What really impressed me though, were the battle scenes. From the few brushes with high fantasy books I’ve had, I’m used to the fact that battle scenes are boring or confusing and I tend to skip over them. Not my finest point, I know. With Shards of Earth I didn’t have that problem at all. The battle scenes were engaging and I loved reading every bit of it.
The ending of the book was thankfully rather neat, without much of a cliffhanger. Still there were hints and promises of more and future “adventures” to come that rounded it up pretty nicely in my opinion.
All in all, I’m a bit sad, that it took me so long to get into this book but it persuaded me to try more books in that direction, surely also from the same author.
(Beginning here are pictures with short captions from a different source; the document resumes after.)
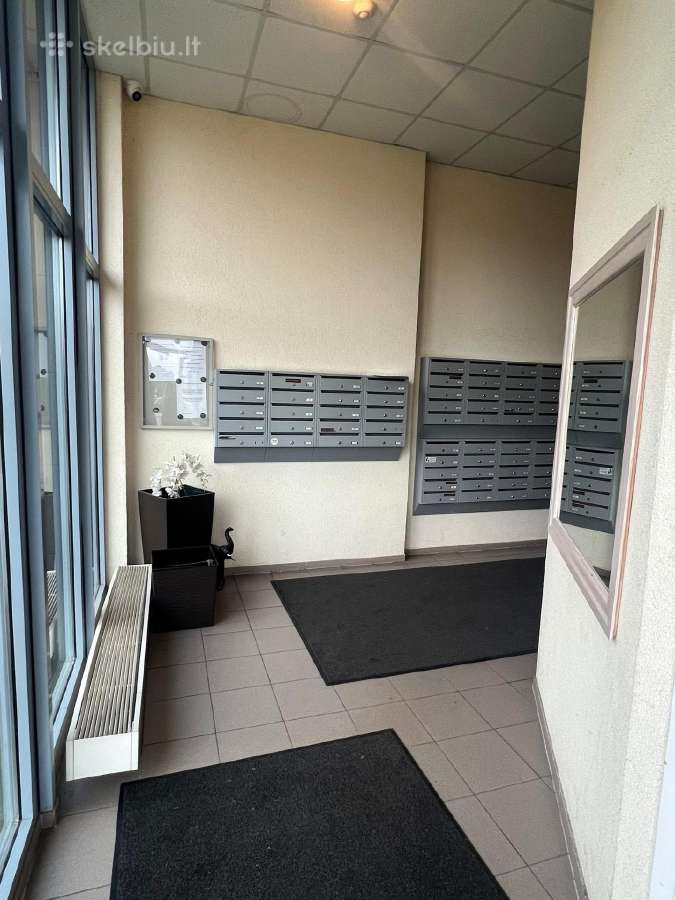 Nuoma nuo lapkričio mėn. 1kamb butas su balkonu - nuotraukos Nr. 7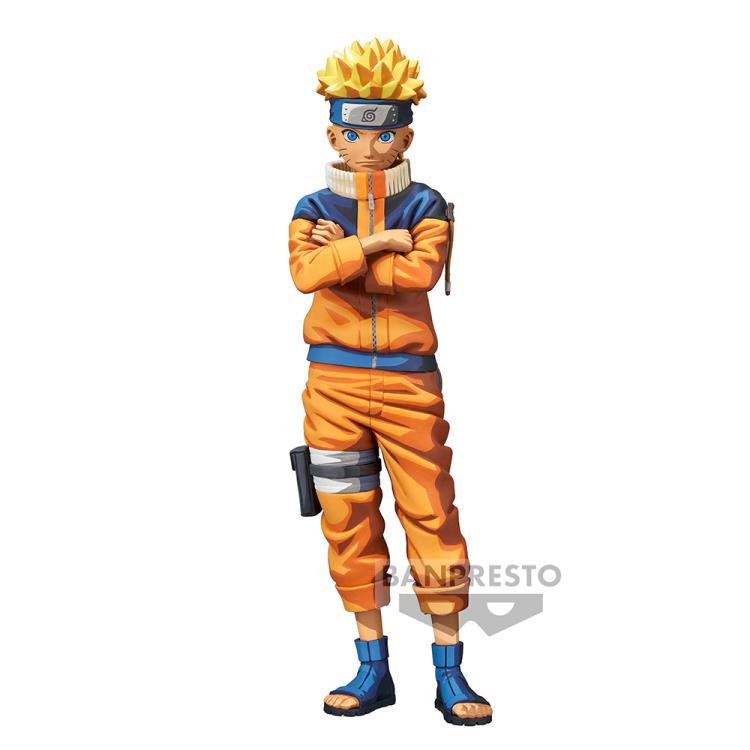 Banpresto Naruto: Grandista - Uzumaki Naruto  (Manga Dimensions)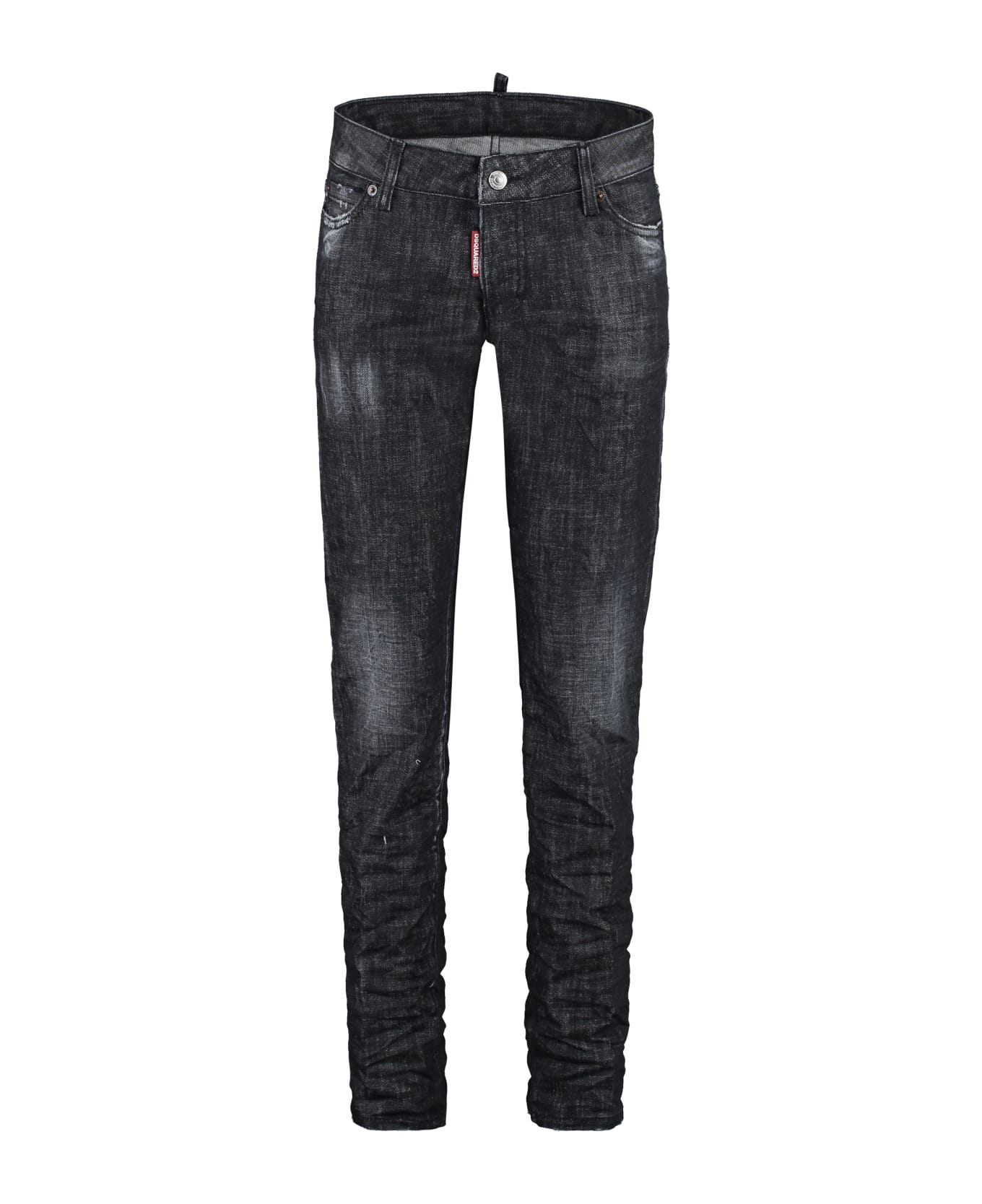 Dsquared2 Jennifer 5-pocket Jeans - black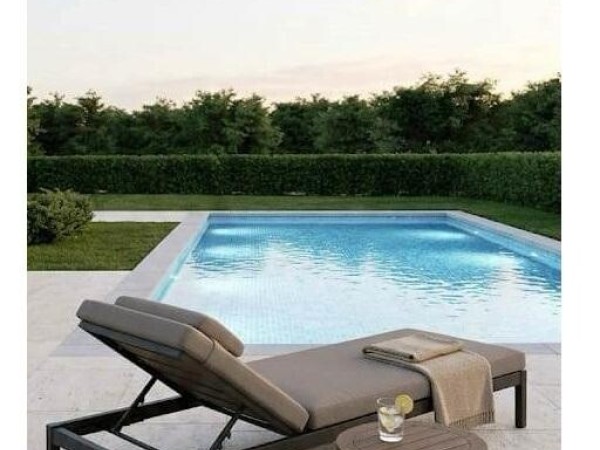 Villa singola nuova costruzion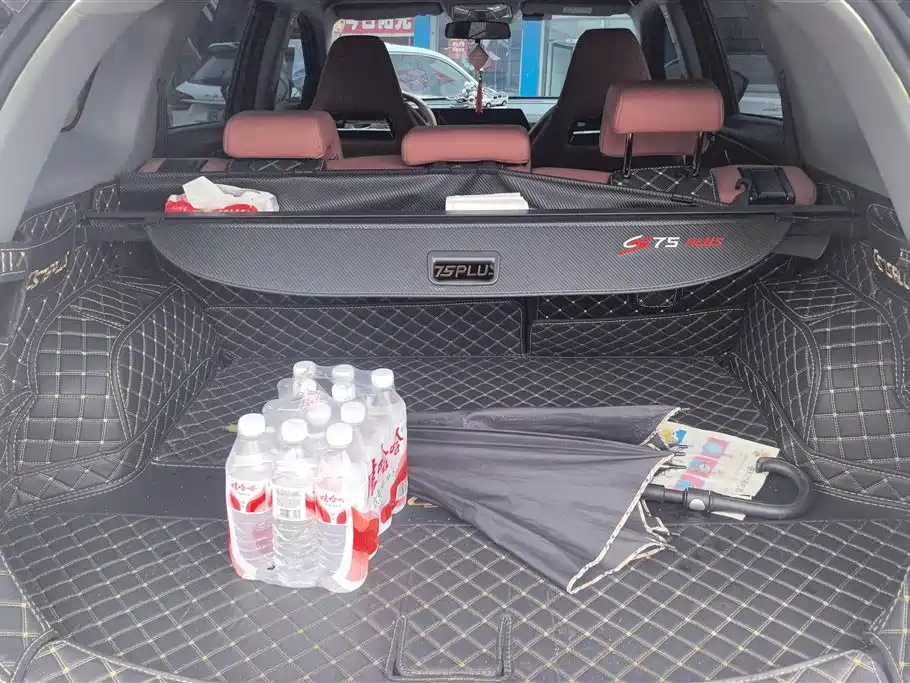 Changan CS75 PLUS 3 rd Gen 1.5 T Auto Distinguished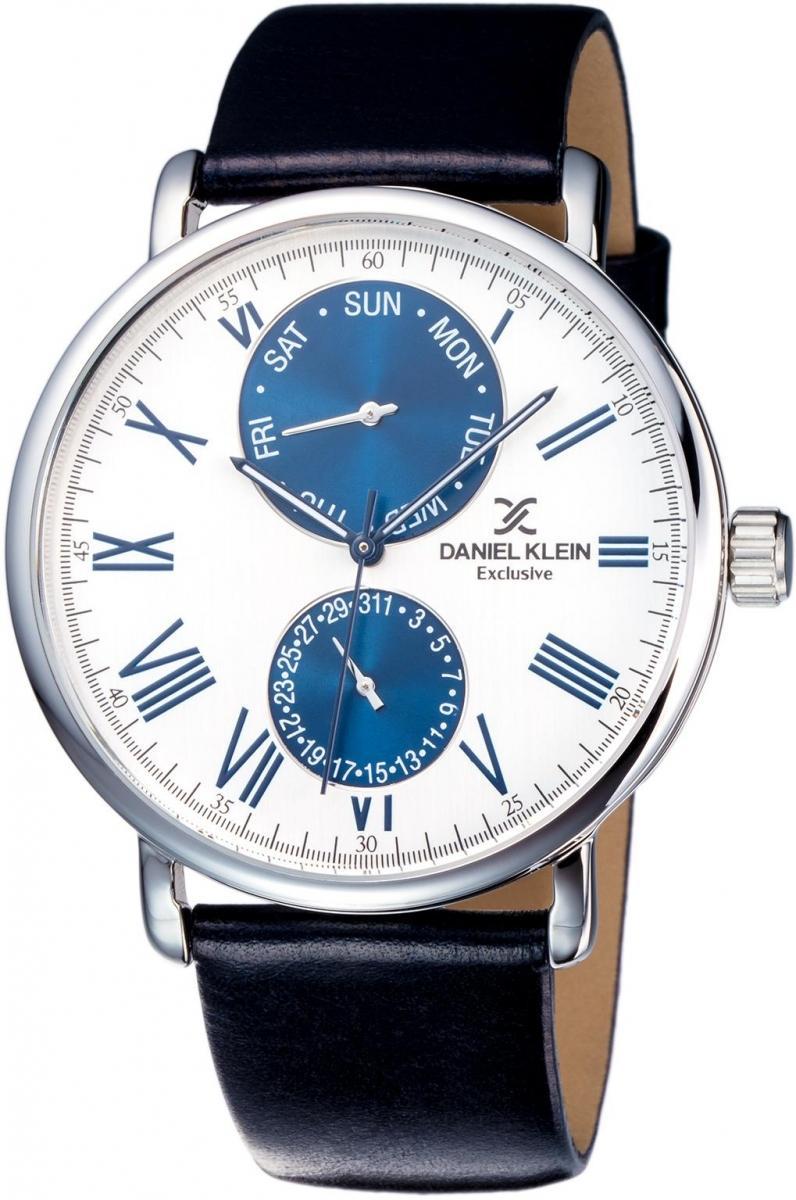 

Часы наручные Daniel Klein DK11851-3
While the beginning was slow and some parts rather confusing, I still enjoyed the book and would also recommend it to readers who want to get their feet wet in this genre, with strong hints to the glossary.
Adrian Tchaikovsky is the author of the acclaimed Shadows of the Apt fantasy series, from the first volume, Empire In Black and Gold in 2008 to the final book, Seal of the Worm, in 2014, with a new series and a standalone science fiction novel scheduled for 2015. He has been nominated for the David Gemmell Legend Award and a British Fantasy Society Award. In civilian life he is a lawyer, gamer and amateur entomologist.
So, what do you think? Do you feel like reading this book now or do you maybe even already have it on your tbr?